Comme partout sur l’île, la région subit environ 45 cycles de gel-dégel par an, avec des redoux et un sel intensif en hiver. Et le sol dominant est un argile Champlain compressible, sensible au retrait-gonflement. Résultat: quand la fondation granulaire n’est pas creusée et compactée correctement (profondeur, granulats, épaisseur), la surface finit par bouger par le dessous—et c’est là que les “économies” d’aujourd’hui deviennent le vrai coût de demain.

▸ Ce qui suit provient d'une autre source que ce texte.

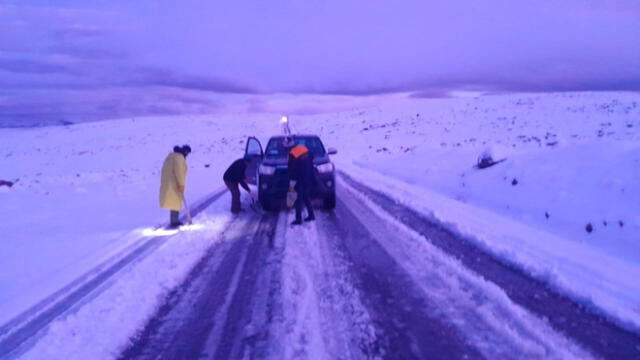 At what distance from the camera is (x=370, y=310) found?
217 inches

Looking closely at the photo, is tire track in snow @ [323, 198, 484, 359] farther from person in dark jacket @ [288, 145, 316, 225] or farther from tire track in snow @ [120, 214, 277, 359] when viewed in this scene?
person in dark jacket @ [288, 145, 316, 225]

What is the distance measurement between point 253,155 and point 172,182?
4.03 meters

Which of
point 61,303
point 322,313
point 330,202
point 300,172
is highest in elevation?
point 300,172

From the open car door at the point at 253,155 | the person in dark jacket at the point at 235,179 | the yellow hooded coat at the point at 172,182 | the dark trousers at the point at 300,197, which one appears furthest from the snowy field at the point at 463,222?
the dark trousers at the point at 300,197

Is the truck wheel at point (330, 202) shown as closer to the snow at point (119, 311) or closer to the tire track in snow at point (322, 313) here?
the snow at point (119, 311)

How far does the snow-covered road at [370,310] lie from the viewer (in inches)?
181

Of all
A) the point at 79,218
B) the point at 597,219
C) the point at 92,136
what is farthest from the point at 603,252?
the point at 92,136

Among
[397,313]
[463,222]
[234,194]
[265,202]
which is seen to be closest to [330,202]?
[265,202]

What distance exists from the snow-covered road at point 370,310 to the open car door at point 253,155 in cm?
606

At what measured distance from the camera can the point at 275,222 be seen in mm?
11500

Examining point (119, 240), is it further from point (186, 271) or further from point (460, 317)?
point (460, 317)

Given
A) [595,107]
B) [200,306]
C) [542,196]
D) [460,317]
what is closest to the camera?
[460,317]

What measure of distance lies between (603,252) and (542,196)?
437 cm

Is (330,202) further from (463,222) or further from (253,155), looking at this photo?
(463,222)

Voici des fourchettes réalistes 2026 pour le marché de Montréal-Est. Elles servent à cadrer votre budget; ensuite, c’est la profondeur d’excavation, l’épaisseur de fondation et le drainage qui font réellement la différence.
| Service | Pour quel usage | Durée de vie | Prix |
|---|---|---|---|
| Nouvelle entrée (excavation et deux couches) | excavation, fondation granulaire compactée, couche de base et couche d’usure | 6 à 12 ans | 5 500 $–14 000 $ |
| Stationnement résidentiel | surface additionnelle, même assemblage | 6 à 12 ans | 1 800 $–6 500 $ |
| Resurfaçage sur fondation saine | planage des rives, nouvelle couche d’usure | 3 à 8 ans | 1 800 $–6 500 $ |
| Scellage et imperméabilisation | nettoyage, colmatage préalable, application du scellant | 2 à 4 ans | 350 $–800 $ |
| Réparation de fissures | nettoyage et remplissage à chaud des fissures | 1 à 3 ans | 200 $–600 $ |
Estimations pour un projet typique à Montréal-Est. La superficie et l’état de la fondation existante déplacent ces montants plus que le choix du matériau.
Le module le plus important, c’est la “boîte” sous l’asphalte. À Montréal-Est, on parle d’un assemblage de bas en haut: sol d’infrastructure (argile Champlain compressible, sensible aux mouvements), puis fondation granulaire compactée, et seulement ensuite la surface. Chaque couche sert à répartir la charge. Si une couche en dessous est faible, l’asphalte compense… jusqu’au moment où il ne peut plus.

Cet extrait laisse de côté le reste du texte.